The French Embassy supported by Ville de Paris and AFAA have joined forces with London galleries in a unique collaboration to bring the work of Paris based photographers and filmmakers to London. As part of the season Laurent Delaye Gallery is delighted to present an exhibition of work by Jean-Pierre Khazem, Philippe Durand and Ryuta Amae.

Jean-Pierre Khazem uses photography to examine aspects of reality. Using models of both sexes in a variety of interior and exterior settings Khazem employs masks to obscure the face of his subjects. This subtle intervention gives his sitters a doll like appearance, reducing them to a semi-generic state. For Made in Paris Laurent Delaye will be showing works from Khazem's recent series Volume II, a suite of female nudes shot in leafy forest glades. Suggesting a pastoral return to nature the images centre on a naked woman wandering through lush vegetation. The images are highly evocative of renaissance paintings where the body is often integrated into the landscape both thematically and compositionally. Despite the natural setting, Khazem's photographs all highlight a dialogue between the body and a more commercial environment. Khazem operates as both an artist and advertising photographer with work produced for Diesel, Eurostar, and Heineken amongst others. By fusing references from fashion, product and cosmetic advertising, the artist raises questions about the relationships that exist between the subjective and objective world in terms of its depiction of the real.

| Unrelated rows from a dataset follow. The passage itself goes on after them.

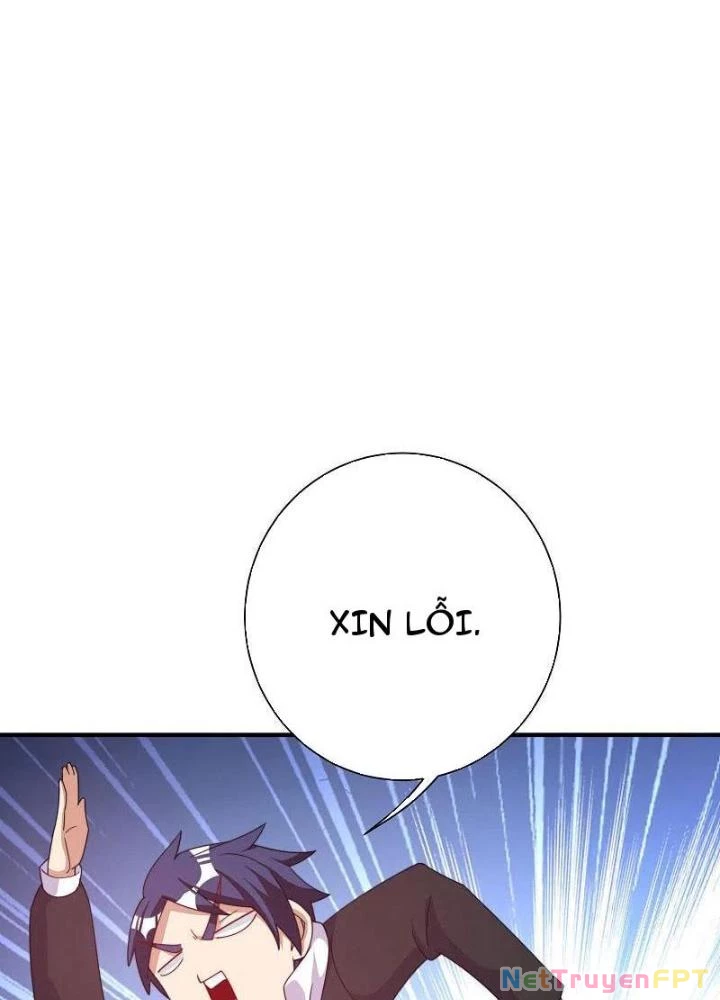 Từ Hôm Nay Bắt Đầu Làm Người Giàu Nhất Chapter 233 - 81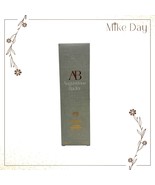 Augustinus Bader The Cream 50 mL - New in Box - $4,439.15 MXN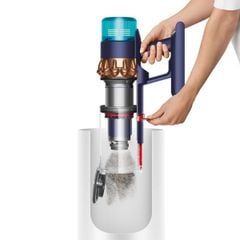  Máy hút bụi Dyson Gen5 Detect Absolute 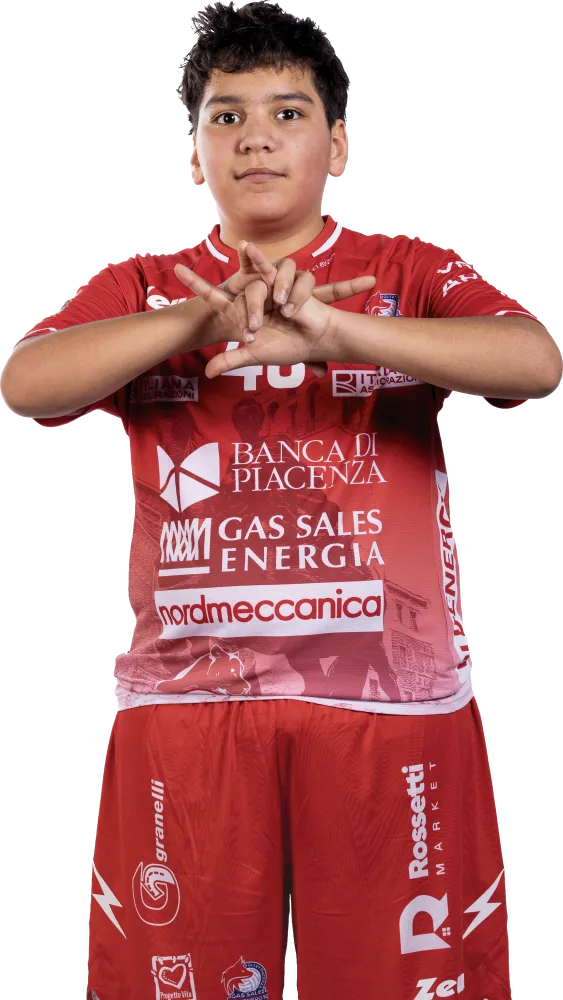 Arellano Vinueza action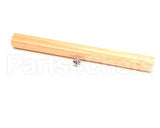 60175801 Pitco Fat Vat Wooden Handle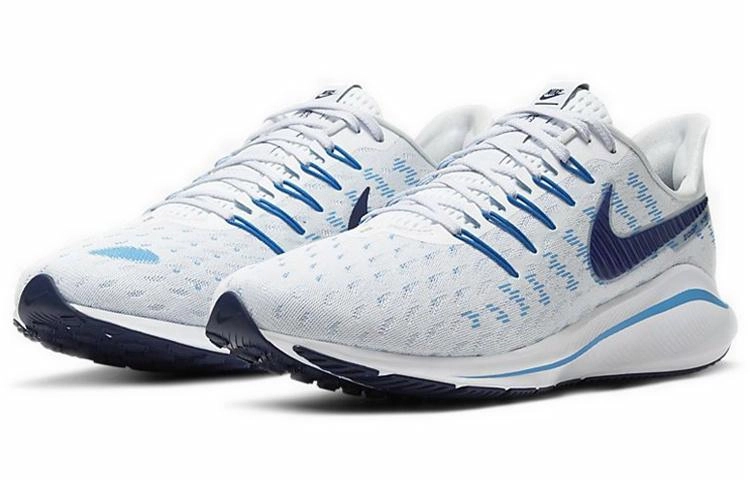 Nike Air Zoom Vomero 14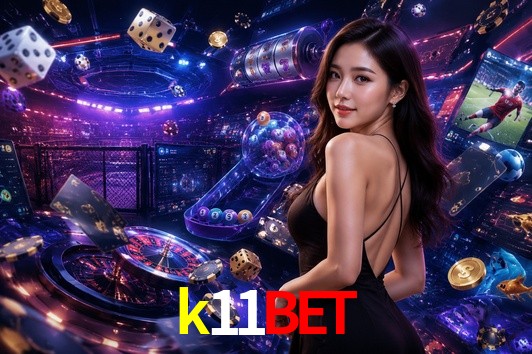 Weekend Specials k11bet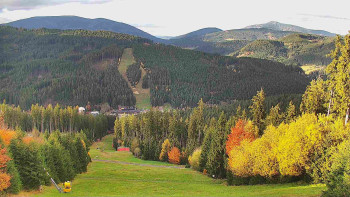 Snímek    25.10.2025 v 16:00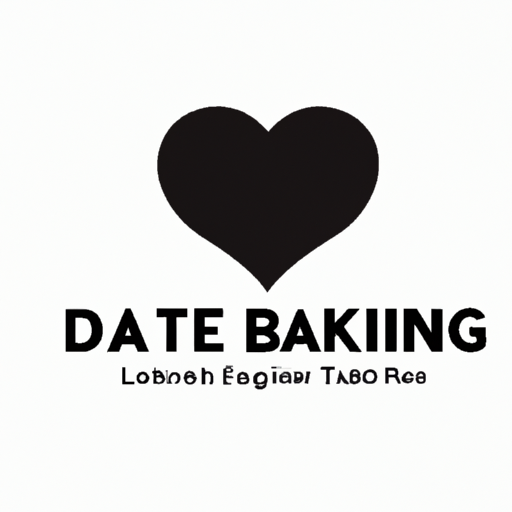 black dating sites in south africa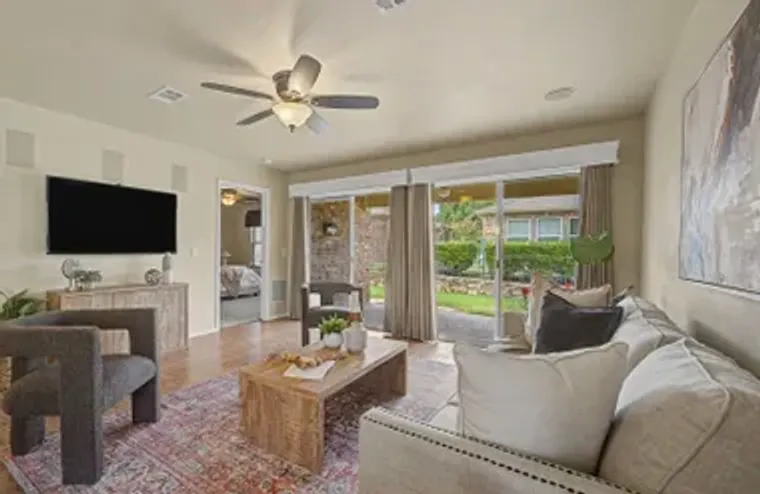 7975 ESTANCIA DR, FRISCO, TX, 75036, Frisco, TX 75036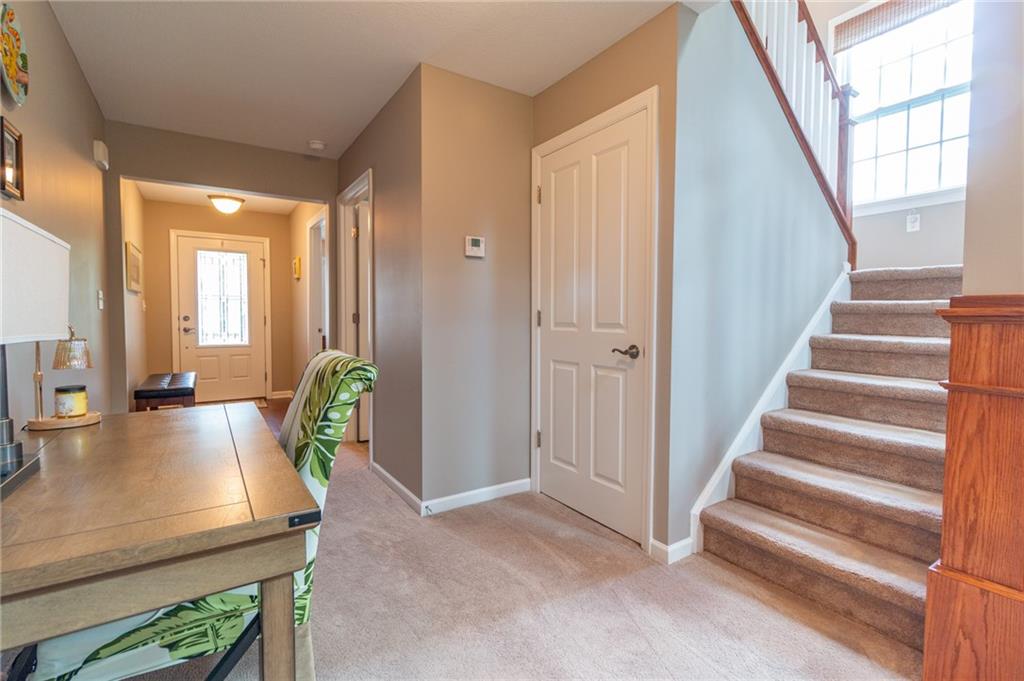 425 Chestnut Lane Apollo, PA 15613 - Photo 18 of 48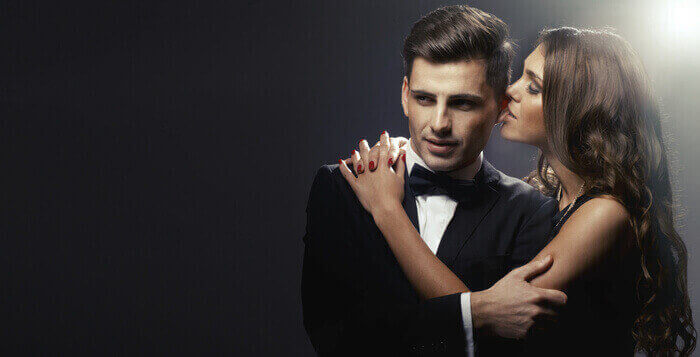 彼女の可愛いクセ 彼氏の匂いをやたらと好み 首筋などをクンクンとかいで喜ぶ 笑っちゃうけどめっちゃかわいい 彼女の 可愛いクセ ９パターン オトメスゴレン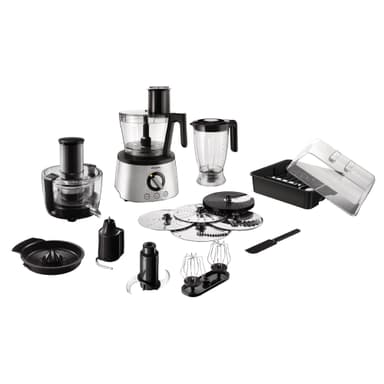 Philips Avance Collection monitoimikone HR7778/00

Ryuta Amae produces large photo derived prints of architecture and landscape environments and Laurent Delaye will be exhibiting Hypnotic, a print from 2001. Like most of Amae's works his images are made using a PC modelling package which are output using a photographic print process. Re-creating various scenes ranging from civic housing estates to commercial skyscraper construction and gardens Amae's work is a meditation on the affects that digital technology has on image making, taking concerns about the photographic image and its ¼truth' to a new level. Hypnotic is a complex and hyper real image of a garden water feature, complete with a mini waterfall, rockery, and pool. By using a computer to generate his works, organic surfaces such as rock, and water, have an unsettling appearance. Reporting on nature at an exaggerated rate they convey a convincing sense of reality that is slowly yet subtly undermined by its plastic synthesis. Amae's work plays with our sense of reality, offering up new possibilities in image making informed by radical digital technologies.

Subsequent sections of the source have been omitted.